Purpose: : Recently, a new amacrine cell type in the mammalian retina was identified (Fremeau, R.T. et al., 2002 PNAS, 99: 14488-93; Haverkamp, S., Wässle, H., 2004, J Comp Neurol., 468: 251-263; Johnson, J. et al., J Comp Neurol. 2004, 477: 386-98). While the majority of amacrine cells are inhibitory, this new type expresses a marker of excitatory neurons (vGluT3) as well as a marker of inhibitory neurons (glycine), suggesting that this is a dual-transmitter neuron. To gain insight into the function of this cell type, a transgenic mouse line has been generated which expresses a green fluorescent protein specifically in these amacrine cells through the use of the vGlut3-promoter. This transgenic mouse line allows us to repeatedly and reliably record from vGluT3-labeled amacrine cells in an identified circuit in order to analyze their properties and local interactions.

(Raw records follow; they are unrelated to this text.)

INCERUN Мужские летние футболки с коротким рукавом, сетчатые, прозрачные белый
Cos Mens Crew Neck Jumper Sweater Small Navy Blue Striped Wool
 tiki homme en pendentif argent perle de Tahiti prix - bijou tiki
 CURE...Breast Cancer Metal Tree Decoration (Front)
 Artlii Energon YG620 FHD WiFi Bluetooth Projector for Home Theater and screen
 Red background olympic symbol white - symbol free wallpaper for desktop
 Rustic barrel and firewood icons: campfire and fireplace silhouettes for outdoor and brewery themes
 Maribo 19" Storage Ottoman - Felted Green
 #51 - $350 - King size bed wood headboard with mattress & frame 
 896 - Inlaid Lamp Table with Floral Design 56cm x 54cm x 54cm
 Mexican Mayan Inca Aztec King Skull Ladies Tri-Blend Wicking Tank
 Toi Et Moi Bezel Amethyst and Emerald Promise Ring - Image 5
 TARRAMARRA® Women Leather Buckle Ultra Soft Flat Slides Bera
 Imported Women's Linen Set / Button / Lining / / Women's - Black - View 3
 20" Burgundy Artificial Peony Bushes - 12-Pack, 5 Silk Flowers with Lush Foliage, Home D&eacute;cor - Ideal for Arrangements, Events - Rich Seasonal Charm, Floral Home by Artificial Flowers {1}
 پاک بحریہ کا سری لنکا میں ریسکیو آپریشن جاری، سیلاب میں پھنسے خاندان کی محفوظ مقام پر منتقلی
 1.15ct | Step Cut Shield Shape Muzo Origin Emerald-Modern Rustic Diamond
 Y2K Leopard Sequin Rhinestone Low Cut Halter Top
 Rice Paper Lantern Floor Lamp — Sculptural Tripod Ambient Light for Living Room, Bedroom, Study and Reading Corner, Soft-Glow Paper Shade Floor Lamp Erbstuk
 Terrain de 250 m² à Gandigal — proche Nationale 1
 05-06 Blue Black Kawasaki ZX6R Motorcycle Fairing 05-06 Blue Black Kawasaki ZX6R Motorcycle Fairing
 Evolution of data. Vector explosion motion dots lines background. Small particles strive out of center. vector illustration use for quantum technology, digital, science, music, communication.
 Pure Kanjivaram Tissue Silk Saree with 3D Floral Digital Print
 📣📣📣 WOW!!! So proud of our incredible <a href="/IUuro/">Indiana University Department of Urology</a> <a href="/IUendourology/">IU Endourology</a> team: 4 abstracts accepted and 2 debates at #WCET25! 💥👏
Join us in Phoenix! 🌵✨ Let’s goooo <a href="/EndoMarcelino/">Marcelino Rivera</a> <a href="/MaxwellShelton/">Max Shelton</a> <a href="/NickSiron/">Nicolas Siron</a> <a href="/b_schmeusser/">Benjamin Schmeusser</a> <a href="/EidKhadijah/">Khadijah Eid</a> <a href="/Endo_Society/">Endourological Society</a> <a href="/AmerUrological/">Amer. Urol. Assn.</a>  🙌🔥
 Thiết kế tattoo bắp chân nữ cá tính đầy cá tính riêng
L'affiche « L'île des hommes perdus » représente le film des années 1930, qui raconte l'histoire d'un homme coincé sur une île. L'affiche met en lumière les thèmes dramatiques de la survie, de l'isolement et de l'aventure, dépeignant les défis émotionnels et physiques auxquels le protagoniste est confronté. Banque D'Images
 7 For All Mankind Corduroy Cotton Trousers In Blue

Methods: : VGluT3-positive amacrine cells in the wholemount-retina were directly targeted with a patch-electrode by using a two-photon microscope. Light-evoked excitatory currents (input from bipolar cells) and inhibitory currents (input from amacrine cells) were recorded in the whole-cell configuration. The excitatory and inhibitory inputs could be separately measured by voltage clamping the cells at appropriate voltage potentials.

Results: : Preliminary results indicate that this specific cell type receives both inhibition and excitation at light ON and at light OFF (ON-OFF-inhibition and ON-OFF-excitation, respectively).

Conclusions: : Our results concerning the excitatory synaptic input are consistent with the finding of a recent anatomical study. Haverkamp & Wässle (2004) showed that vGluT3 processes are in close apposition with axon terminals of an outer stratifying (OFF) and an inner stratifying (ON) bipolar cell type. With further experiments (e.g. double-patch recording) we will analyze the synaptic output of the vGlut3-amacrine cell in order to address whether this cell type functions as a dual-transmitter neuron.